**ENTRIES SHOWN:**
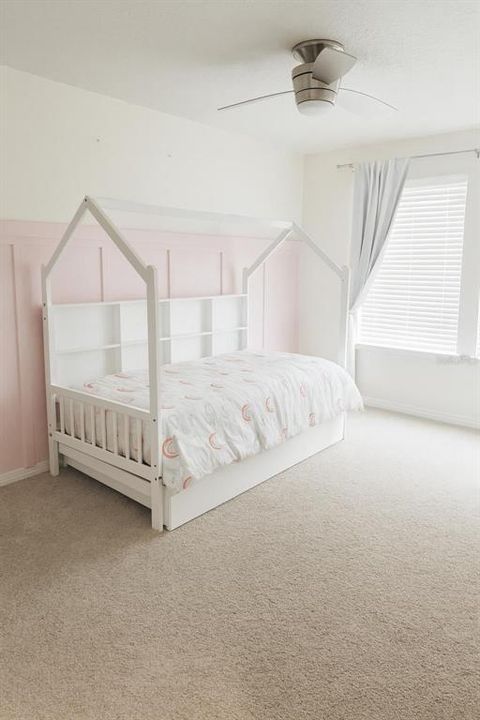 For Rent: $2,750 (3 beds, 2 baths, 1905 Square Feet)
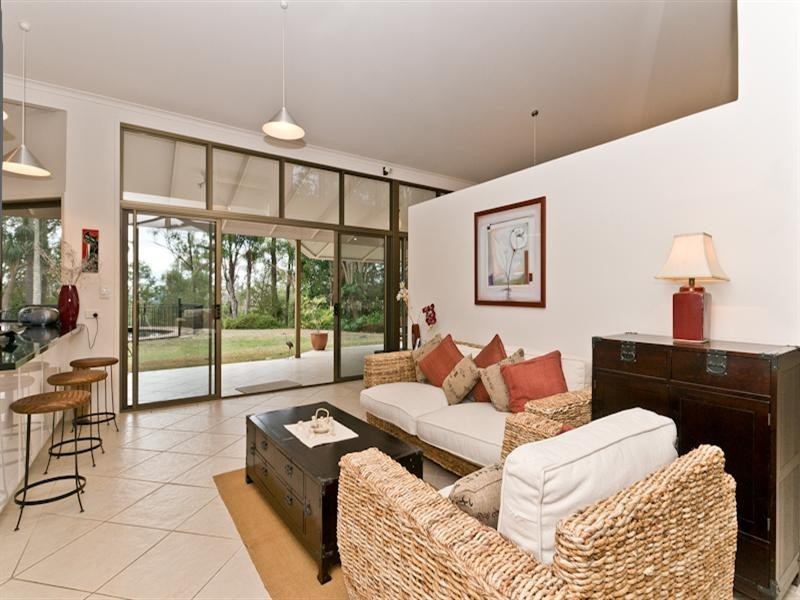 18 Nullamanna Road, Samford QLD 4520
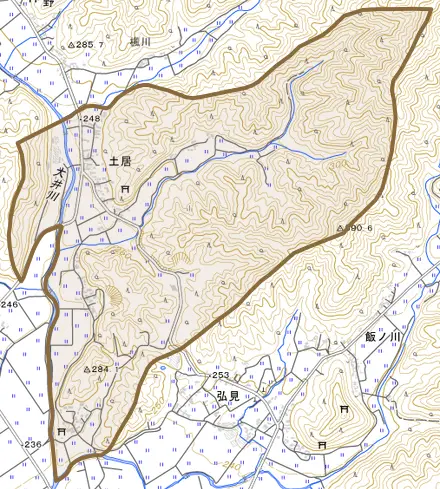 土居とその周辺の地図。町の範囲を重ねている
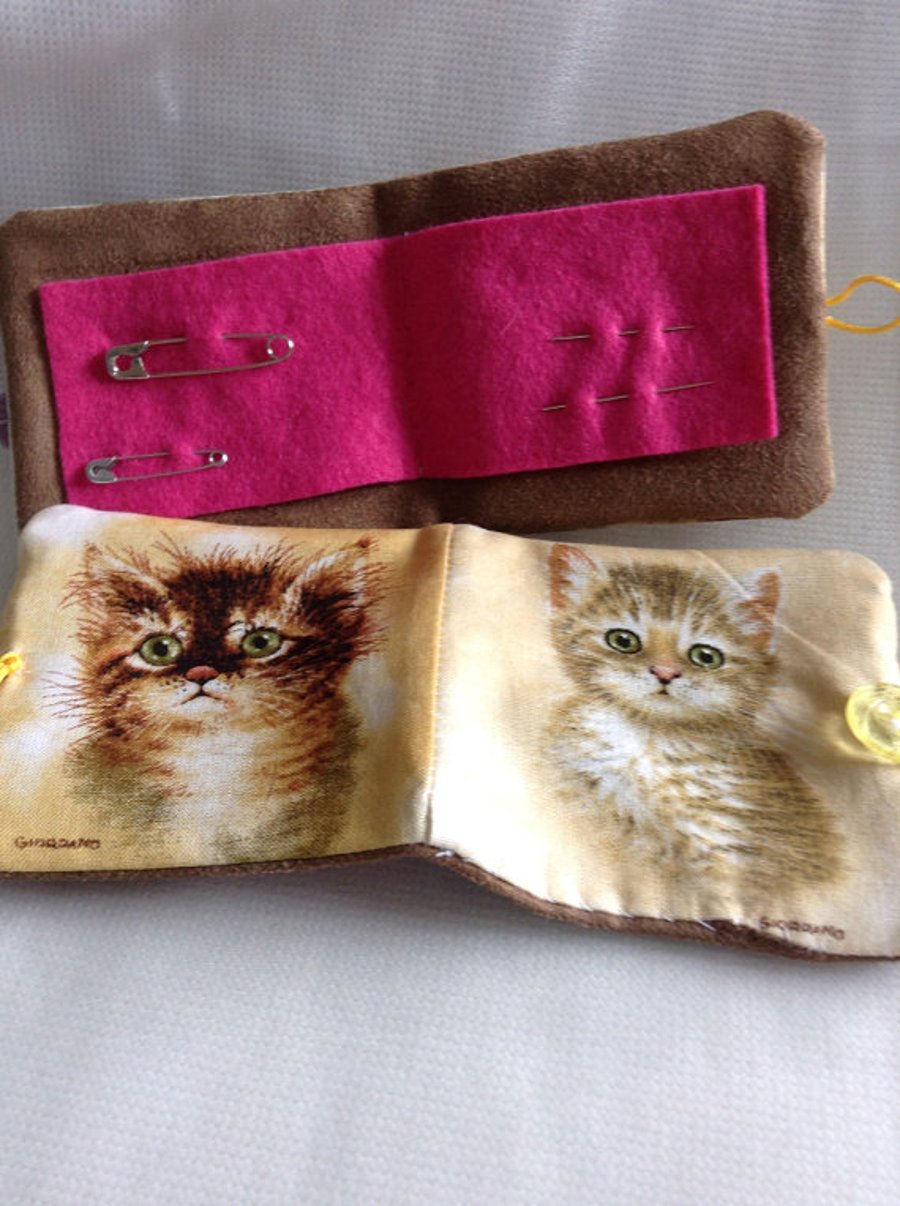 Kitten face needle case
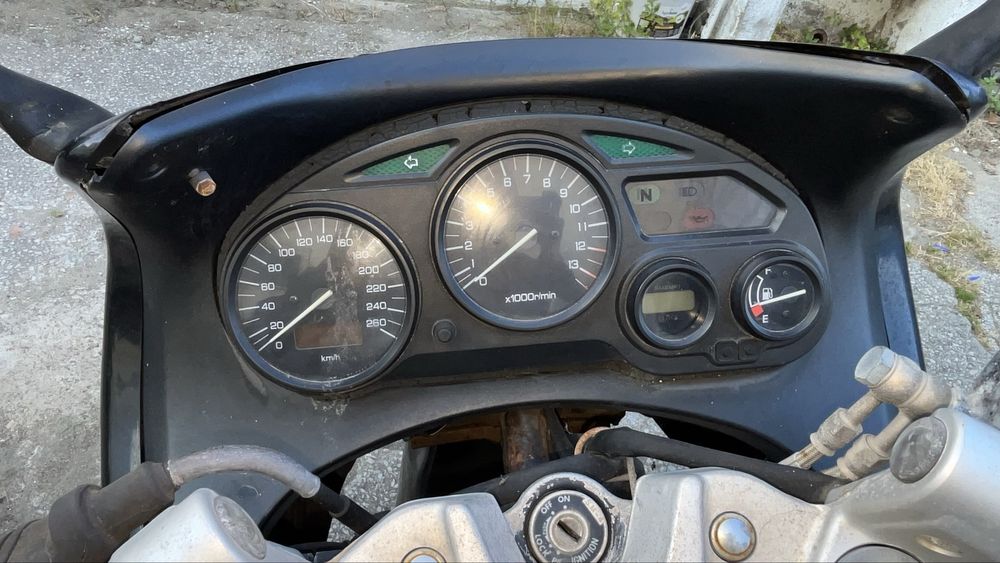 kawasaky 600 ninja, suzuki GSX-R 750
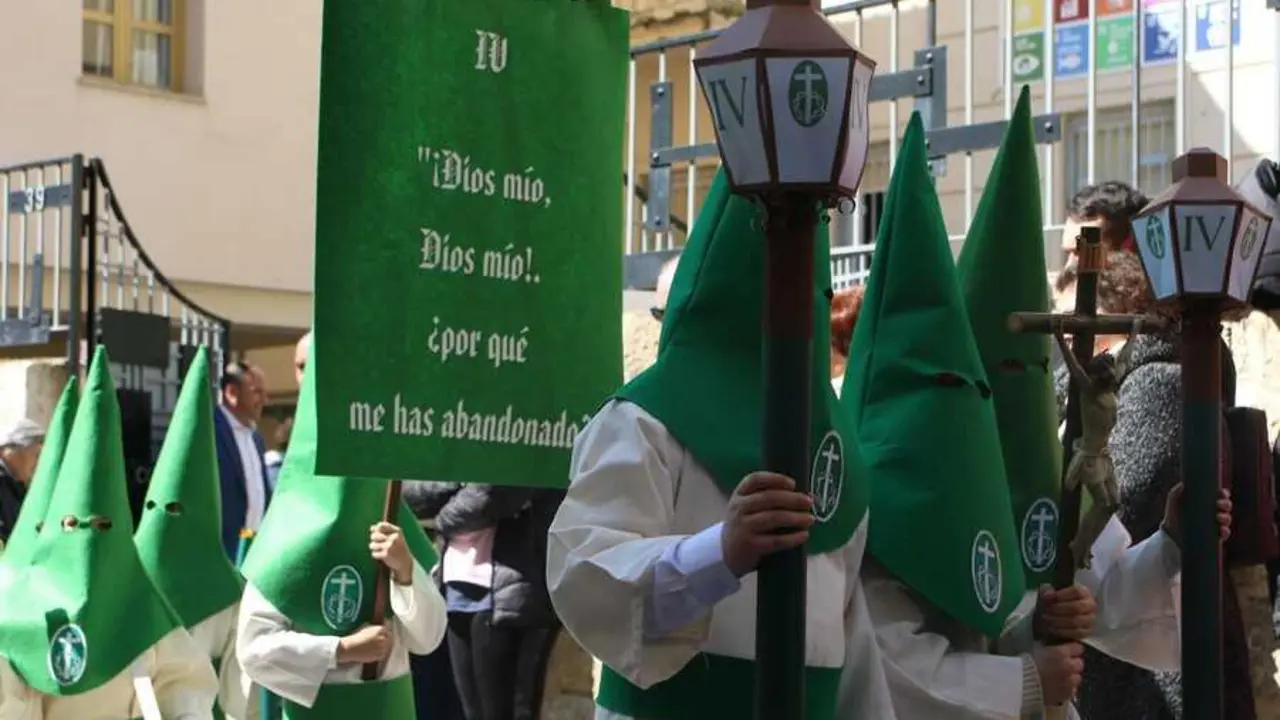 procesi&oacute;n de Semana Santa, colegio La Milagrosa_16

**ASSIGNMENT:** Start at the line that contains "土居とその周辺の地図。町の範囲を重ねている" and retype every line through the end of the entries above, both ends included. Exclude all pictures.

**ANSWER SPACE:**
 土居とその周辺の地図。町の範囲を重ねている
 Kitten face needle case
 kawasaky 600 ninja, suzuki GSX-R 750
 procesi&oacute;n de Semana Santa, colegio La Milagrosa_16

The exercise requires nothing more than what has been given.